• Input records
= = = = = = =

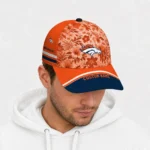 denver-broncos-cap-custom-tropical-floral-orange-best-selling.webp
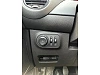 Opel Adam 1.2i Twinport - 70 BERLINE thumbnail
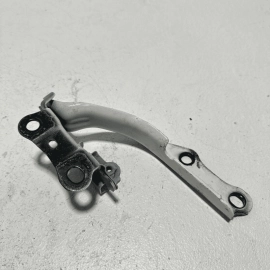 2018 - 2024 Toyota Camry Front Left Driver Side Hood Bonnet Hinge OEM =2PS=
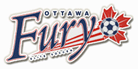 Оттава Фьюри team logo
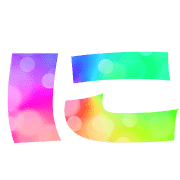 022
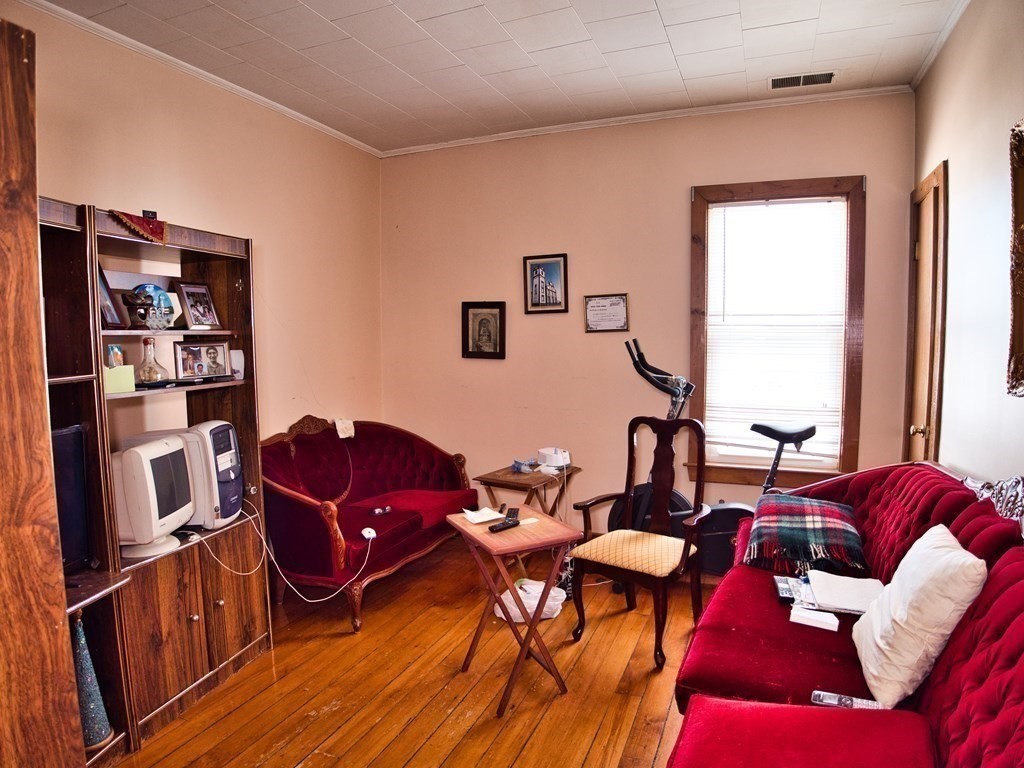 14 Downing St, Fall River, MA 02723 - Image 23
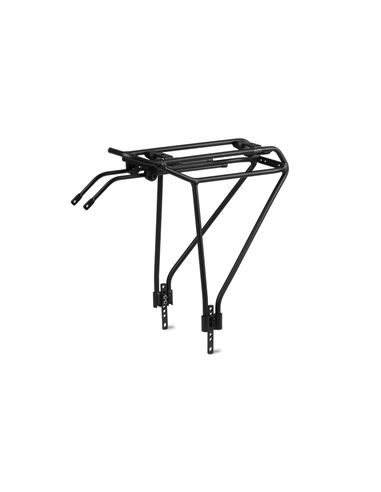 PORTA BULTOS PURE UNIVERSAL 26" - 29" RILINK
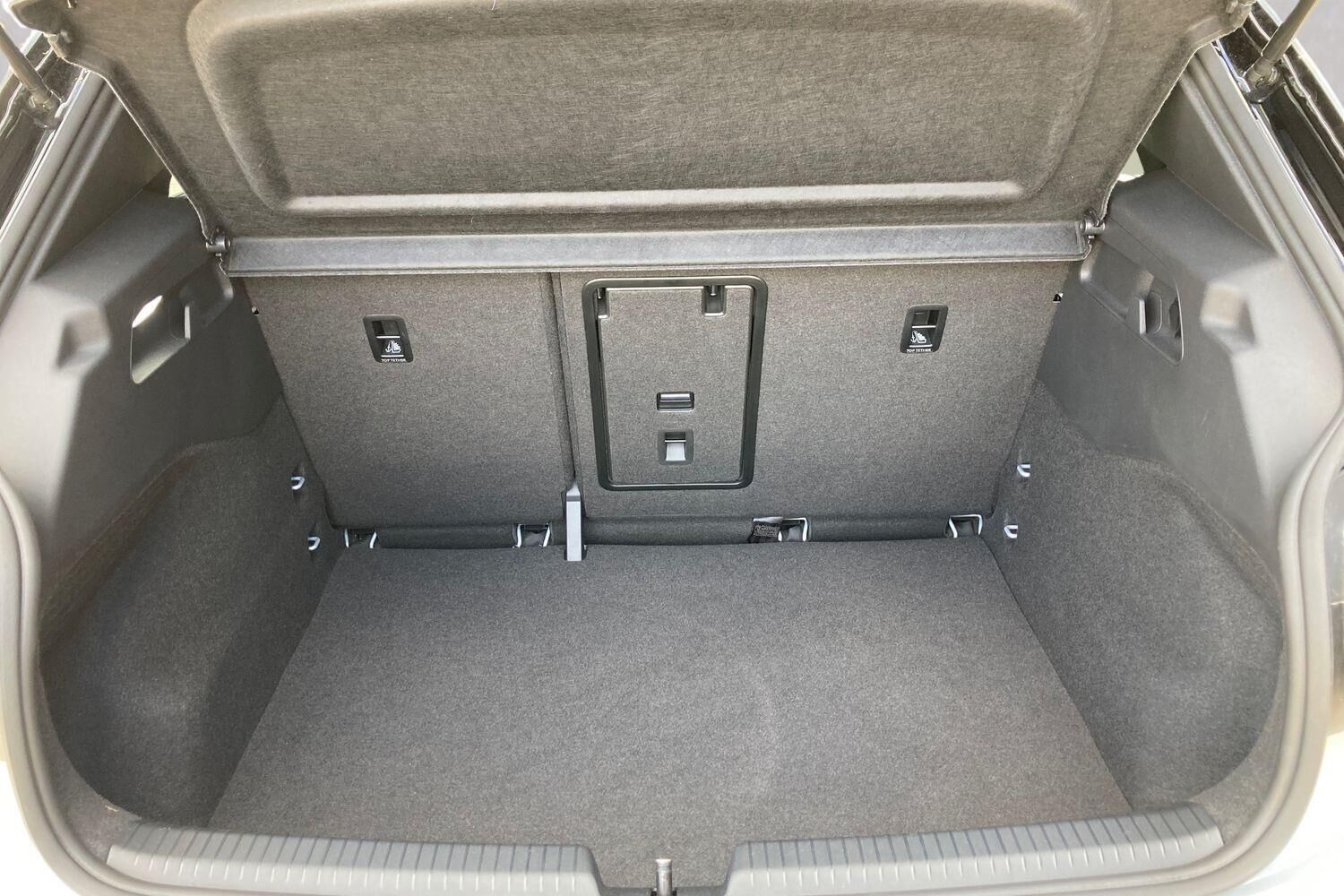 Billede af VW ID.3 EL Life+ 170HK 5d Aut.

= = = = = = =

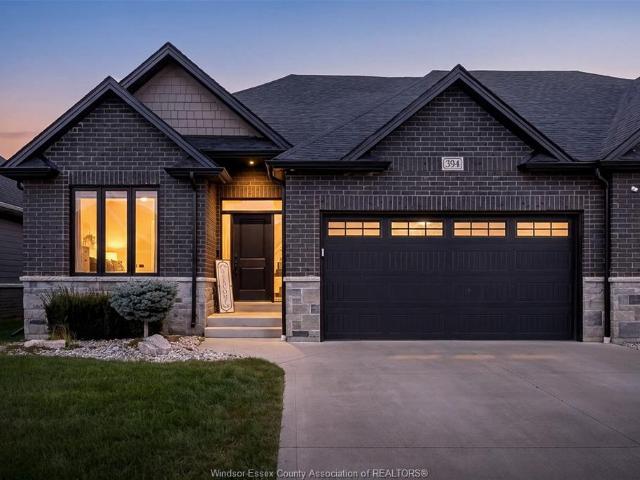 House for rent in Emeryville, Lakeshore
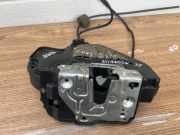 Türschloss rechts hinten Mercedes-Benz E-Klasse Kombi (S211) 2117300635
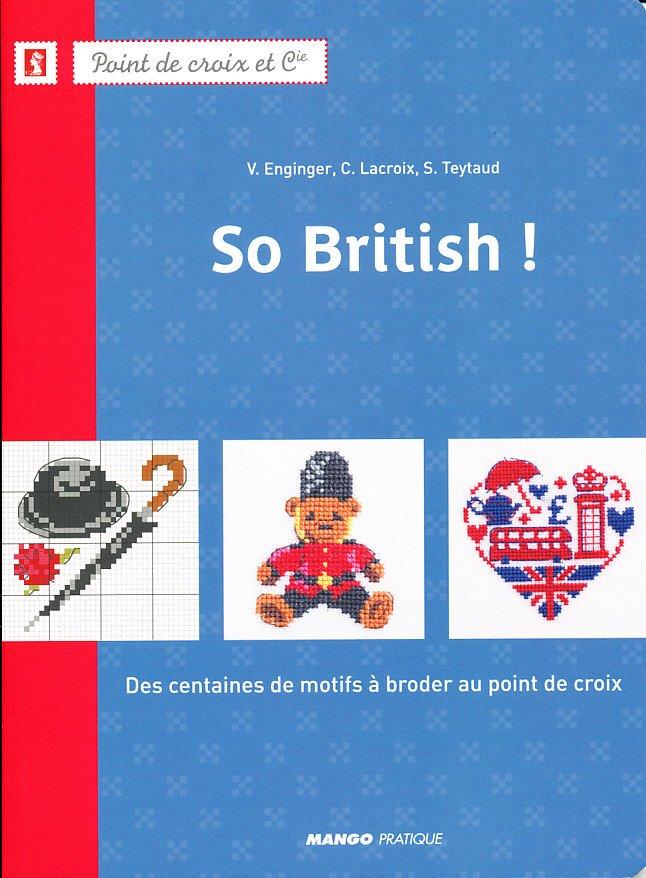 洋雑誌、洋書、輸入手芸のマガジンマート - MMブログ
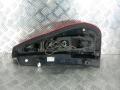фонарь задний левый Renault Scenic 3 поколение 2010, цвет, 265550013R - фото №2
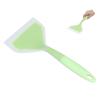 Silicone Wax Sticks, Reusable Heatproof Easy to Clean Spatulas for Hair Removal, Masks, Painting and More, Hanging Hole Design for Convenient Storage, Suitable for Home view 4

= = = = = = =

• Activity
Quote the lines above exactly, starting with the one that has "House for rent in Emeryville, Lakeshore" and ending with the one that has "Silicone Wax Sticks, Reusable"; drop the pictures and include nothing else.

• Response area
 House for rent in Emeryville, Lakeshore
 Türschloss rechts hinten Mercedes-Benz E-Klasse Kombi (S211) 2117300635
 洋雑誌、洋書、輸入手芸のマガジンマート - MMブログ
фонарь задний левый Renault Scenic 3 поколение 2010, цвет, 265550013R - фото №2
 Silicone Wax Sticks, Reusable Heatproof Easy to Clean Spatulas for Hair Removal, Masks, Painting and More, Hanging Hole Design for Convenient Storage, Suitable for Home view 4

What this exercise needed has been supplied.